# DATASET SECTION
********
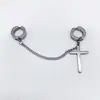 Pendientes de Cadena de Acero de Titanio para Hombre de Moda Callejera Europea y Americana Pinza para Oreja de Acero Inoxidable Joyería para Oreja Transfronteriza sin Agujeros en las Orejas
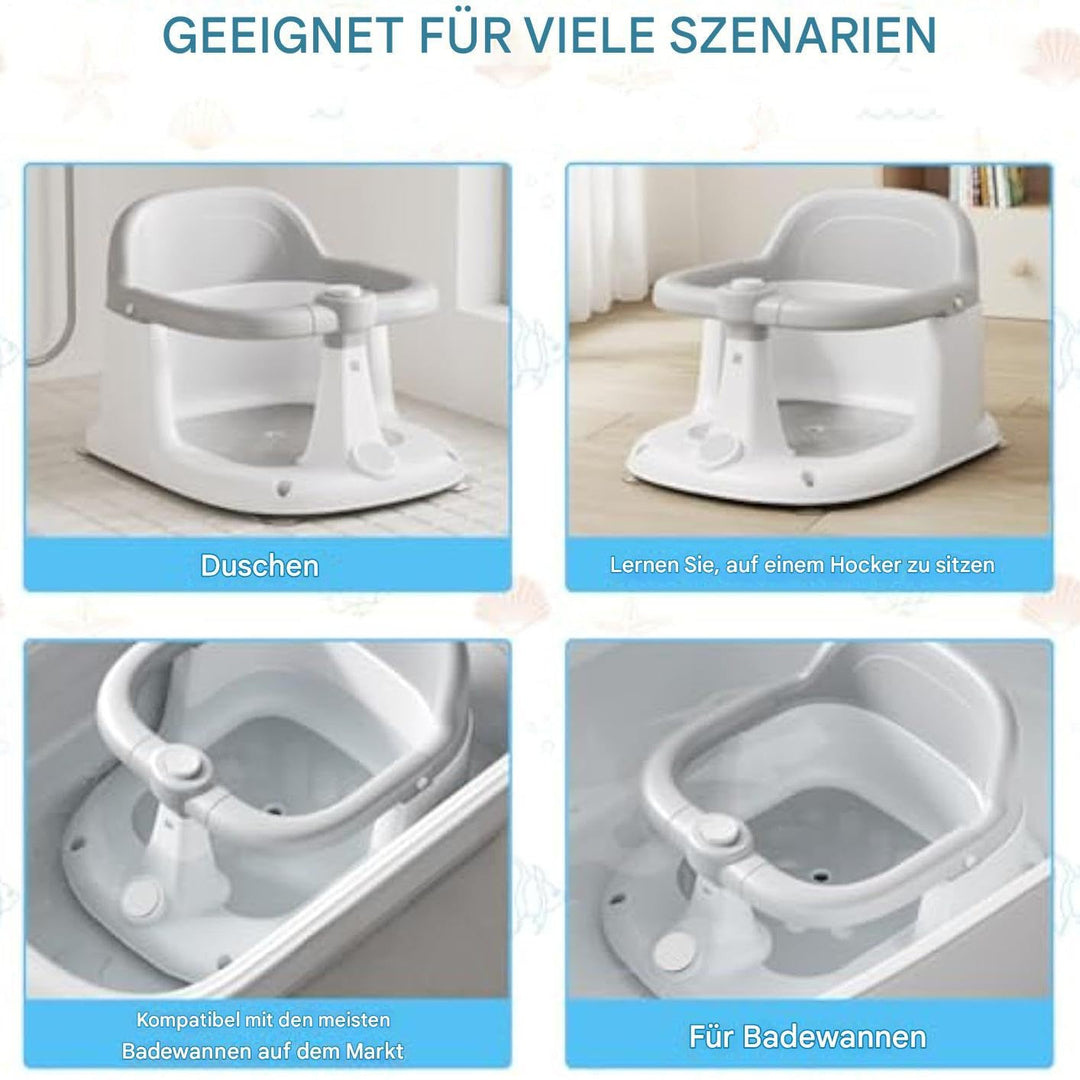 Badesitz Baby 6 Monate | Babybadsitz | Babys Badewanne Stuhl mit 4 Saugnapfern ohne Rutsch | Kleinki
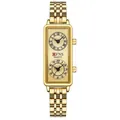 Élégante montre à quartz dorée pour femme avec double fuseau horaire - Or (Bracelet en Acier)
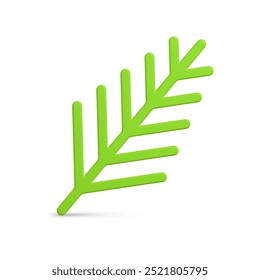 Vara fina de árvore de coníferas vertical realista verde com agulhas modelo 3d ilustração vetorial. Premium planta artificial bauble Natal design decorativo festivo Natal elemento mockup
********
# PROBLEM DETAILS
Wherever a picture appears, omit it; copy the rest of the data exactly.

# RESPONSE
 Pendientes de Cadena de Acero de Titanio para Hombre de Moda Callejera Europea y Americana Pinza para Oreja de Acero Inoxidable Joyería para Oreja Transfronteriza sin Agujeros en las Orejas
 Badesitz Baby 6 Monate | Babybadsitz | Babys Badewanne Stuhl mit 4 Saugnapfern ohne Rutsch | Kleinki
 Élégante montre à quartz dorée pour femme avec double fuseau horaire - Or (Bracelet en Acier)
 Vara fina de árvore de coníferas vertical realista verde com agulhas modelo 3d ilustração vetorial. Premium planta artificial bauble Natal design decorativo festivo Natal elemento mockup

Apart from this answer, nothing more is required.